Mauvaise nouvelle pour la collectivité…

Pour les associations, la réglementation prévue menace d’interdire dans les faits le retour au sol des matières "issues des déchets alimentaires, des déchets verts et des boues de stations d’épuration" qu’elles collectent, et "qui risquent de finir, faute de solutions, en unité de valorisation énergétique, ou en stockage". Une incongruité, au moment même où l’on "demande aux Français de trier leurs biodéchets", relèvent-elles. Et où on les contraint à ne plus brûler leurs déchets verts pour les véhiculer en déchetterie, où ils risqueraient donc de finir… incinérés. "Pourquoi faire contribuer les usagers d’un service public d’assainissement à des infrastructures de traitement performantes si cela revient fatalement à incinérer les boues d’épuration ?", interrogent les associations signataires de l’appel.

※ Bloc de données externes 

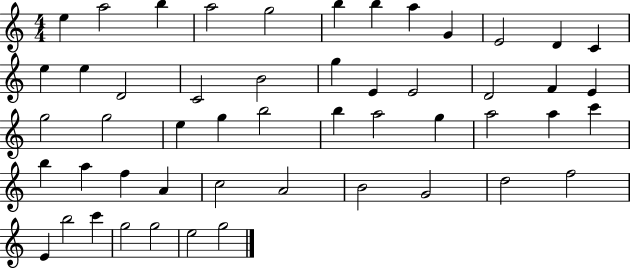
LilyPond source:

"Par quoi va-t-on remplacer ces amendements qui contribuent très fortement à la rétention d’eau, qui permettent de retenir les pesticides et les fertilisants, qui enrichissent les sols et contribuent à stocker du carbone ? Par des fertilisants chimiques dont la production hyper-énergivore est génératrice de gaz à effet de serre et qui sont importés pour la plupart ?", interroge encore le délégué général d’Amorce. Les associations ne manquent d’ailleurs pas de souligner la contradiction avec la volonté gouvernementale – récemment affichée dans un rapport du gouvernement d’évaluation de la souveraineté agricole et alimentaire de la France – de "nous autonomiser" des intrants que "nous importons massivement" et dont il est relevé que le prix "en hausse constante, est de plus en plus volatil". Nicolas Garnier souligne encore les conséquences pour le contribuable local : "Incinérer des boues de station d’épuration plutôt que de les épandre, ça coûte aussi beaucoup plus cher." 

Vingt fois sur le métier…

Les associations appellent donc le gouvernement à remettre une fois encore l’ouvrage sur le métier, avec un décret socle commun ayant cette fois vraiment "la même approche pour toutes les matières fertilisantes, en se basant uniquement sur leur qualité, et pas sur leur origine". Mais aussi avec des valeurs limites fondées sur de "réelles études scientifiques, éprouvées d’un point de vue sanitaire, proportionnelles à la fréquence d’usage des matières". Et Nicolas Garnier de préciser : "Une véritable étude d’impact mesurant l’effet des différentes valeurs limites sur la santé et l’environnement, et non pas une étude sur le coût de l’incinération des matières, ce qui suppose que l’on a déjà acté le fait de ne pas les réutiliser." 

Pour convaincre, les associations rappellent encore "que la valorisation agronomique des boues et biodéchets est utilisée par la quasi-totalité des pays de l’UE". Si comparaison n’est pas raison, le dossier n’est pas sans rappeler la réutilisation des eaux usées traitées, sujet pour lequel les comparaisons internationales sont également prisées. "En France, moins de 1% de l’eau usée est retraitée pour être utilisée une seconde fois. C’est 10, 15, 20 fois moins que […] les meilleurs dans le monde", avait ainsi déploré le président de la République en dévoilant son plan Eau l’an passé (voir notre article du 30 mars 2023).

 

AmorceAfaïa (le syndicat des acteurs de la filière des supports de culture, paillages, amendements organiques, engrais organiques et organo-minéraux et biostimulants), la Fedene (fédération professionnelle des entreprises de services pour l’énergie et l’environnement), la Fnade (fédération nationale des activités de dépollution et de l’environnement), la FNCC (fédération nationale des collectivités de compostage), Méthéor (association de promotion de la méthanisation des déchets organiques des collectivités), le Rispo (réseau pour un retour au sol de l’organique maîtrisé et pérenne), le Snefid (syndicat national des entrepreneurs de la filière déchets) et le Syprea (syndicat des professionnels du recyclage par valorisation agronomique).